__What is needed__
All of the lines below need to be copied exactly, apart from the pictures.

__Data in this exercise__
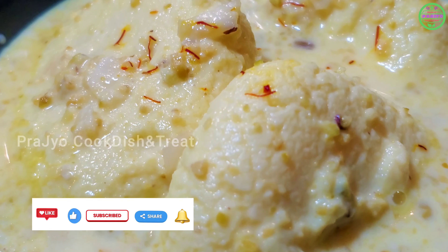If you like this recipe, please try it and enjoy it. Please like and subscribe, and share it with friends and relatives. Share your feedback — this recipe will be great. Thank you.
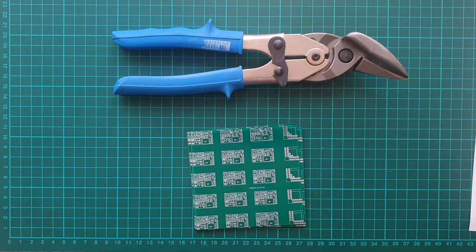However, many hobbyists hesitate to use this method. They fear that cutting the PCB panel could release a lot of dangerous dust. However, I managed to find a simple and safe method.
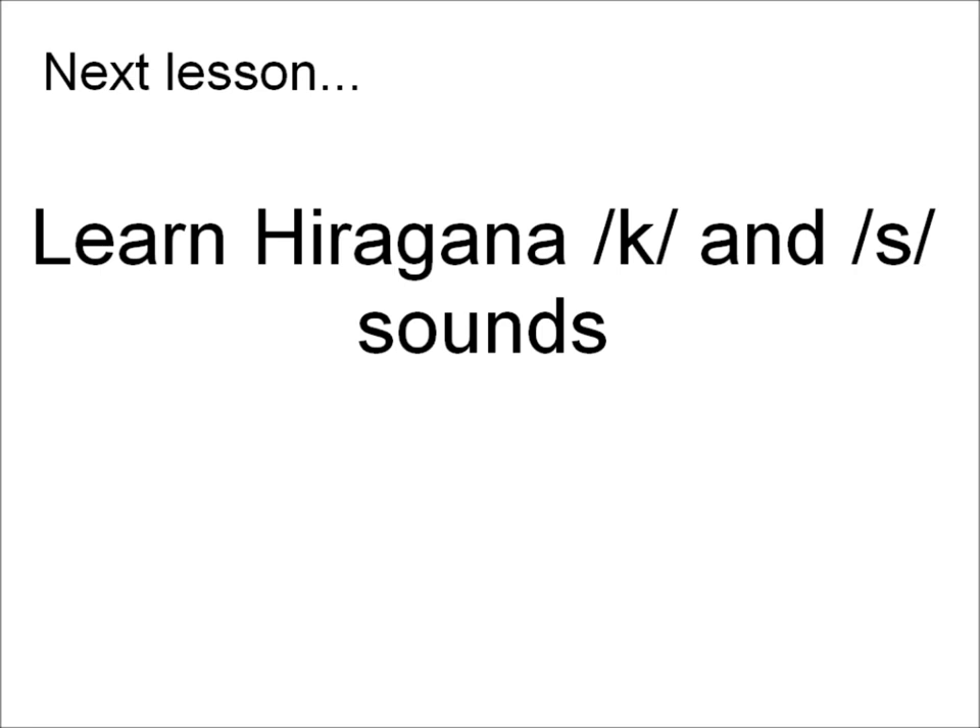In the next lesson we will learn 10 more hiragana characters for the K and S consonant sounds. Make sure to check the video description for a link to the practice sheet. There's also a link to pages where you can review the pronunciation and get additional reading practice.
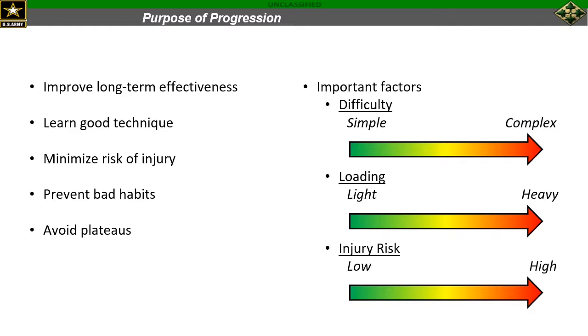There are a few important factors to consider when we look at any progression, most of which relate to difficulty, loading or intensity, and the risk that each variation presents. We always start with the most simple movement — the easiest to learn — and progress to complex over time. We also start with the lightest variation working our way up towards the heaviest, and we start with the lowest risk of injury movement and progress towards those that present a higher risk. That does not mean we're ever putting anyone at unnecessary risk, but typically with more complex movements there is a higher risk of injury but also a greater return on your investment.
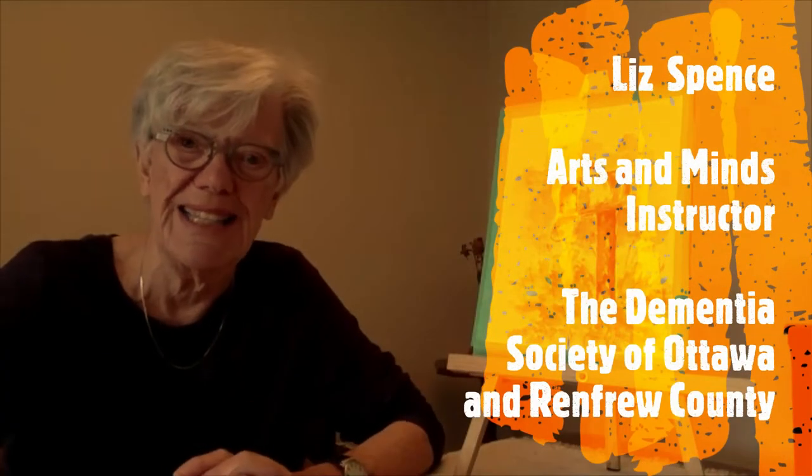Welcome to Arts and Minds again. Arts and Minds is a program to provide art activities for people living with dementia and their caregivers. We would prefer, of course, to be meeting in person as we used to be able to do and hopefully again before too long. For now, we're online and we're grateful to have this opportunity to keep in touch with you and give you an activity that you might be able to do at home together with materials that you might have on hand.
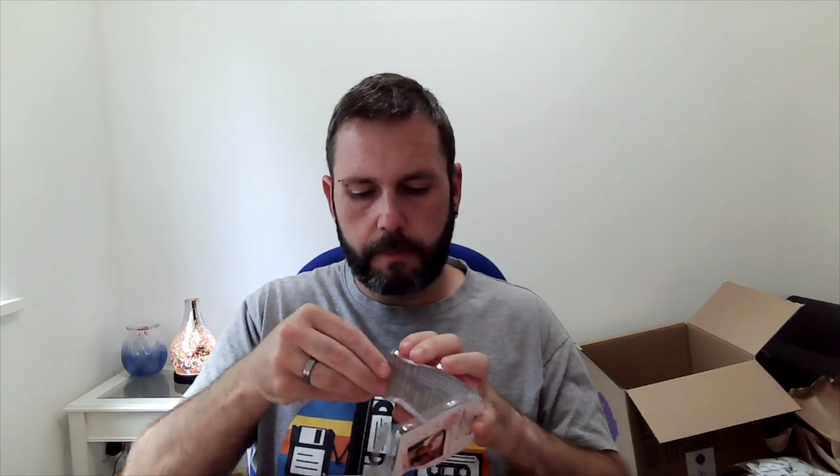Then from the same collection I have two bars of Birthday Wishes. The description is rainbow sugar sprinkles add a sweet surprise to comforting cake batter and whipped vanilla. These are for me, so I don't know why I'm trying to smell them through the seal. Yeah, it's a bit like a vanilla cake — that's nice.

__Output for this task__
If you like this recipe, please try it and enjoy it. Please like and subscribe, and share it with friends and relatives. Share your feedback — this recipe will be great. Thank you.
However, many hobbyists hesitate to use this method. They fear that cutting the PCB panel could release a lot of dangerous dust. However, I managed to find a simple and safe method.
In the next lesson we will learn 10 more hiragana characters for the K and S consonant sounds. Make sure to check the video description for a link to the practice sheet. There's also a link to pages where you can review the pronunciation and get additional reading practice.
There are a few important factors to consider when we look at any progression, most of which relate to difficulty, loading or intensity, and the risk that each variation presents. We always start with the most simple movement — the easiest to learn — and progress to complex over time. We also start with the lightest variation working our way up towards the heaviest, and we start with the lowest risk of injury movement and progress towards those that present a higher risk. That does not mean we're ever putting anyone at unnecessary risk, but typically with more complex movements there is a higher risk of injury but also a greater return on your investment.
Welcome to Arts and Minds again. Arts and Minds is a program to provide art activities for people living with dementia and their caregivers. We would prefer, of course, to be meeting in person as we used to be able to do and hopefully again before too long. For now, we're online and we're grateful to have this opportunity to keep in touch with you and give you an activity that you might be able to do at home together with materials that you might have on hand.
Then from the same collection I have two bars of Birthday Wishes. The description is rainbow sugar sprinkles add a sweet surprise to comforting cake batter and whipped vanilla. These are for me, so I don't know why I'm trying to smell them through the seal. Yeah, it's a bit like a vanilla cake — that's nice.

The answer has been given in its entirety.